Недооценивают ли науку?
Порой ученых слегка расстраивает то обстоятельство, что обычные люди в большинстве своем очевидно мало интересуются научными достижениями и прорывами.
В объяснении этого, реального или мнимого, безразличия к науке Вольтер сходился с Сэмюелом Джонсоном, и сам данный факт столь невероятного совпадения мнений кое о чем говорит. Объяснение выглядит обоснованным, и ученым стоит с ним смириться, как бы досадно ни было. Наука не оказывает значимого влияния на человеческие отношения – будь то отношения правителя и подданных или les passions de l’ame[37]; вдобавок она не дает поводов к восторгам и страданиям и не воздействует на характер и глубину эстетического удовольствия.
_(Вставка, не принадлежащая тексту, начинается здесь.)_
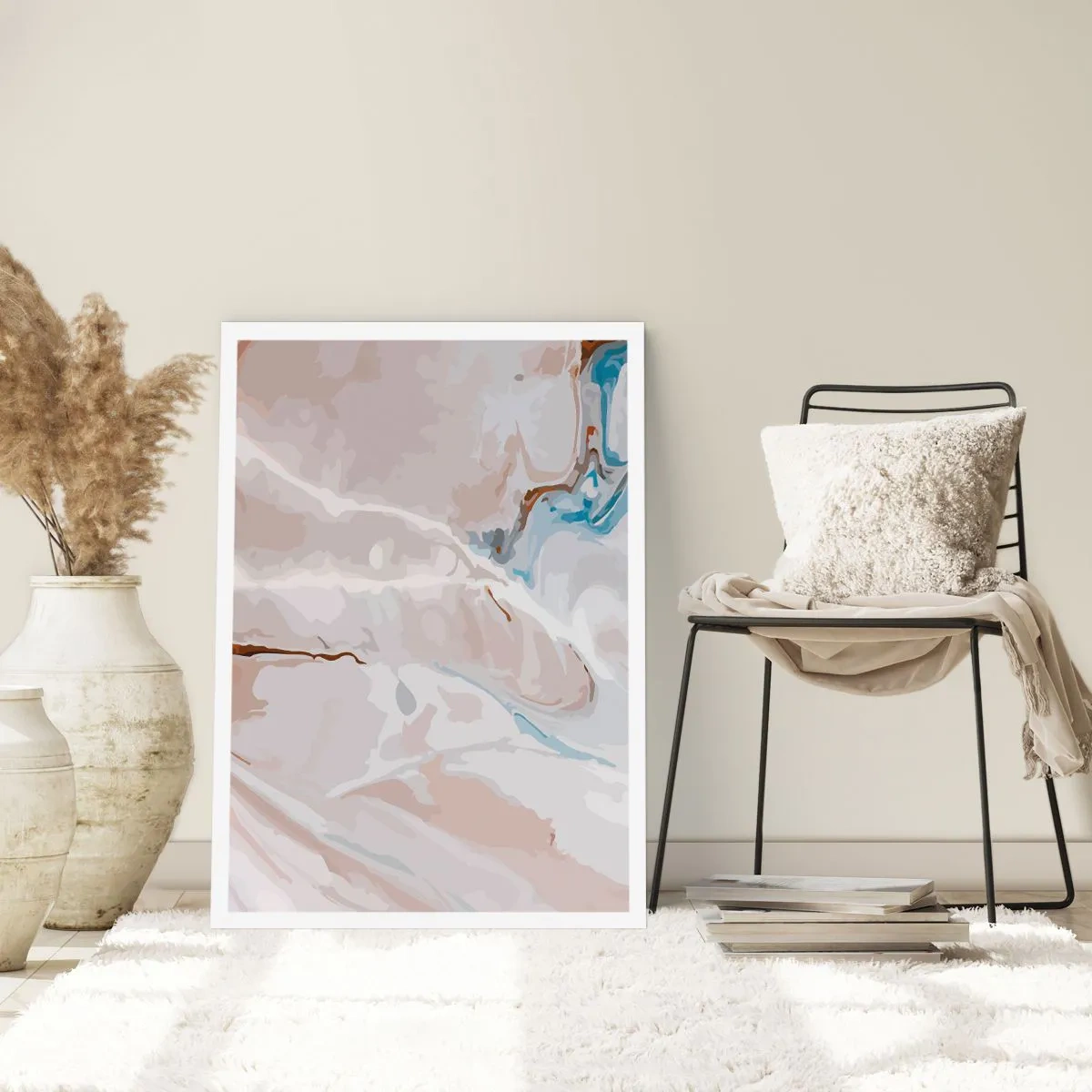 Poster - Marmormuster in zarten Beige- und Blautönen - 50x70cm - Blau schlängelt sich unter dem Weiß - Moderne Wanddekoration für Wohnzimmer und Schlafzimmer ARTTOR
В своем «Философском словаре» Вольтер писал, что естествознание «столь несущественно для обыденной жизни, что философы в нем не нуждаются; требуются целые столетия, чтобы усвоить хотя бы часть законов природы, но мудрецу достаточно всего лишь одного дня, чтобы изучить людские обязанности».
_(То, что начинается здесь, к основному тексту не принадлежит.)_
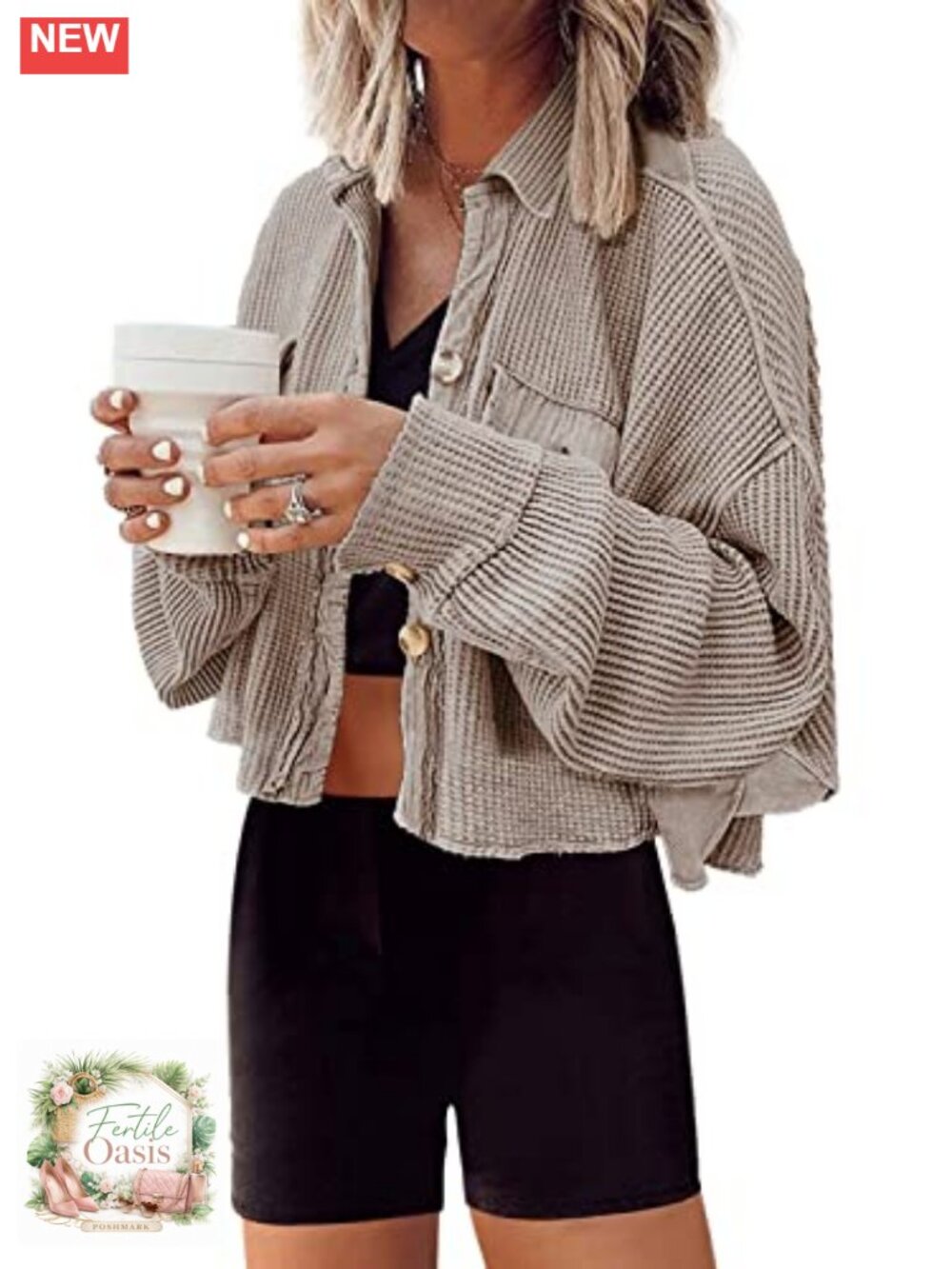 Waffle Knit Cropped Cardigan Jacket Cozy Casual Shacket Long Sleeve Oversized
Доктор Сэмюел Джонсон в «Жизни Мильтона» насмехался над «фантазиями» Мильтона и Абрахама Каули[38] насчет академии, в которой ученики будут овладевать астрономией, физикой и химией в дополнение к общепринятому набору школьных предметов. Он писал:
Правда в том, что познание внешней природы и освоение науки, что требуется или подразумевается таким познанием, не слишком-то высоко ценится обыденным человеческим разумом. Готовимся ли мы действовать или что-то обсуждать, хотим ли сделать что-то полезное или приятное, нашим первым шагом становится религиозное и этическое осознание правильного и неправильного; далее вспоминается история человечества и те образцы поведения, каковые воплощают собой истину и подтверждают обоснованность распространенного мнения. Благоразумие и справедливость суть добродетели и преимущества, ценящиеся всегда и повсюду, и мы, люди, от природы являемся моралистами, а вот геометрами становимся только по воле случая. Наше взаимодействие с разумной природой обусловлено необходимостью, наши размышления о материи сугубо добровольны и возникают лишь в часы досуга. Физическое знание проявляет себя столь редко, что обычный человек способен прожить половину жизни, не имея возможности оценить свои познания в гидростатике или астрономии, зато признаки и качества моральные и благоразумные являют себя моментально.